In an article listing their choices for the best summer vacation destinations, the New York Times shared with the world what those of us who live in the Texas Hill Country already know - we're number one. Citing the growing wine country, vibrant music scene, inventive cuisine and festivals, the author of the article declared that a visit to the Hill Country's rolling hills was like a visit to Tuscany. However, the author is far from the first to note the areas resemblance to the rich landscape and feel of Tuscany. And luckily for those who live and play here, we can experience la dolce vita daily, minus the exhausting international flight and poor exchange rate.
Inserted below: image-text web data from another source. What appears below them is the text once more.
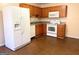 Functional kitchen featuring white appliances, brown wood cabinets and vinyl floors at 209 East Wilson St # 25, Villa Rica, GA 30180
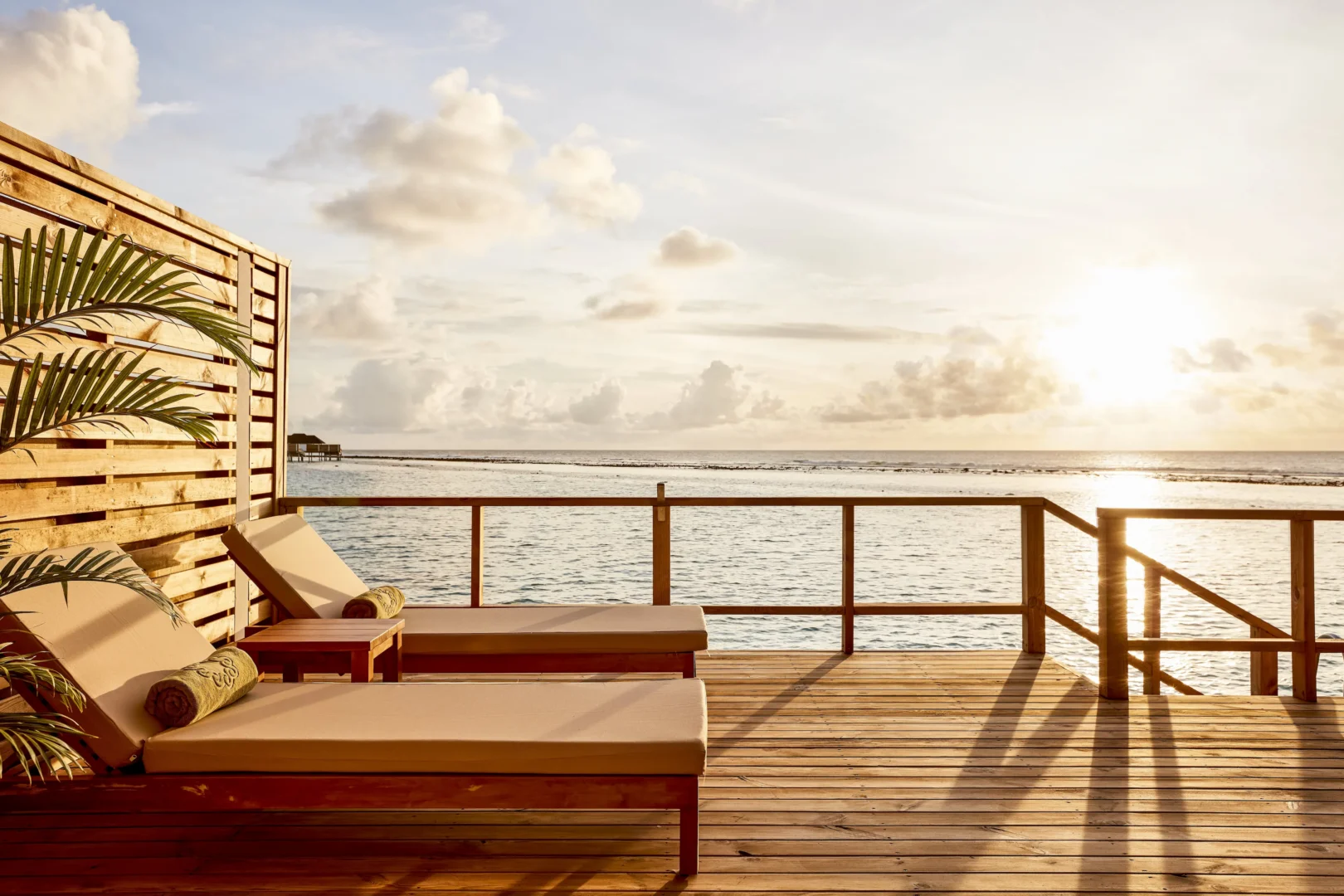 sun loungers on the terrace of a grand water villa at sun siyam olhuveli maldives overlooking the lagoon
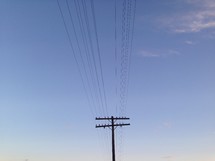 Power lines in the blue sky.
One of the main characteristics the Texas Hill Country and Tuscany share are their gorgeous landscapes. Wide-open blue skies and rolling hills mark the areas, with ever changing colors of the seasons. Spring brings green hills with splashes of colorful wildflowers, while fall emerges in golds and reds. The land itself is fairly rocky, and the vegetation as a result is hardy and capable of handling a drier, warmer climate.
Also, thanks to the similarities in land, both areas share a terrain which is ideal for certain agriculture. In short, they both make fantastic wine countries. Both areas' rocky, well-draining soil, temperate climate and low humidity allow for ideal grape-growing conditions. Local wines reflect this in their rich and complex tastes. As a result, the wine industry in the Texas Hill Country is booming, with over 30 wineries in the immediate area I live in and over 180 scattered in the various wine regions in Texas that grow a wide variety of grapes. Similarly, olive growers have started to take a foothold in the area, hoping to enjoy the success of the industry in Italy.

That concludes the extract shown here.